Erst Professorenpartei, dann Schreckgespenst
Aufstieg und Wandlung: die AfD-Geschichte
März 2013, eine Frau mit Bobfrisur sitzt selbstbewusst in der Bundespressekonferenz. Frauke Petry, damals 37, Mutter von vier Kindern, studierte Chemikerin, will Politik machen, sagt sie da; neben ihr: der Ökonom Bernd Lucke. Raus aus dem Euro, zurück zur D-Mark, predigen die beiden – manche denken da an einen Scherz. Eine Protestpartei, die schnell verschwinden wird, oder?

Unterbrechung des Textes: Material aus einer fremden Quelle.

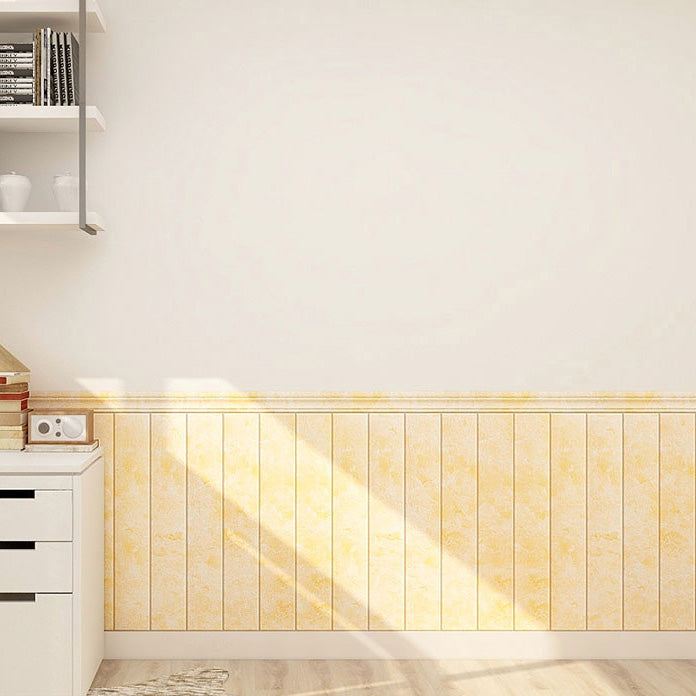 Gorgeous Style Wall Plank 3D Print Bathroom Living Room Foam Baseboard Yellow White 92.5" 0.31" Clearhalo 'Flooring 'Home Improvement' 'home_improvement' 'home_improvement_wall_paneling' 'Wall Paneling' 'wall_paneling' 'Walls & Ceilings' Walls and Ceiling' 6835126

Mitnichten. Bei der Wahl 2013 scheiterte die AfD nur knapp, jetzt hat sie den Einzug fulminant geschafft – aber nicht als spröde Professorenpartei, sondern als Schreckgespenst der deutschen Demokratie: In dem Land, das sich als resistent gegen die Verführungen von rechts sah, sitzt von nun eine Partei im Parlament, die kaum etwas anderes tut, als von rechts zu verführen.
Dumpfes Gefühl
Wie konnte das passieren? Geht es nach Spiegel- Journalistin Melanie Amann, die die AfD schon lange verfolgt, gab es die Partei schon vor ihrer Gründung – als dumpfes Gefühl, dass etwas nicht stimme im Land. Einer, der dies erstmals aussprach ,war SPD-Politiker Thilo Sarrazin, Ex-Bundesbank-Vorstand: Seine migrationskritischen Thesen wirkten für manche wie ein Befreiungsschlag. Petry und Lucke dockten da an – nur als Zugpferd wollte Sarrazin ihnen nicht dienen: Als er gefragt wurde, lehnte er ab.
Es gehört zur Ironie der Geschichte, dass Sarrazin seither in der Versenkung verschwunden ist – kaum jemand interessiert sich für ihn, und das rührt wohl auch daher, dass die AfD den AntiEstablishment-Diskurs im Land massiv geändert hat.
Als erster Tabubruch galt, dass Parteichefin Petry sich mit Pegida-Vertretern in Dresden traf; man setzte bereits auf die migrationskritische Karte – und das kam an.
Jetzt, knapp zwei Jahre nach dem denkwürdigen Treffen, zeigt sich an Petry am besten, wie sehr sich die Partei gewandelt hat: Lucke, einst Gründervater der Partei, hat sich abgespalten, weil ihm Petry zu rechts wurde; sie selbst ist seit dem Frühling im Out, weil sie – trotz ihrer Aussagen, man müsse den Begriff „völkisch“wieder positiv besetzen – für einen weniger radikalen Kurs der Partei stand.
NS-Rhetorik
An der Spitze der Partei stehen nun zwei, die schon mal mit NS-Rhetorik kokettieren; Alexander Gauland, früher CDUPolitiker und mit seinem immer gleichen braun-karierten Sakko der Grandseigneur der Partei; und Alice Weidel, die offen homosexuell lebt, aber dennoch ein Problem mit Randgruppen hat. Hinter beiden steht der Erfurter Björn Höcke: der Geschichtslehrer gilt als das rechtsextreme Gesicht der Partei – er war es, der das Holocaust-Denkmal in Berlin als „Denkmal der Schande“bezeichnet hat.
Jetzt, wo man selbst zu den „Etablierten“gehört, wird der Richtungsstreit in der Partei wohl weitergehen. Dazu kommt, dass sich die AfD inhaltlich beweisen muss: Ein Konzept zum Thema Rente hat sie nicht, gab sie vor kurzem zu; und so ist es bei vielen anderen Themen. In den Landtagen setzt sie darum meist nur auf das Credo „Wir gegen alle“– fraglich wird, ob das auch im Bundestag reicht.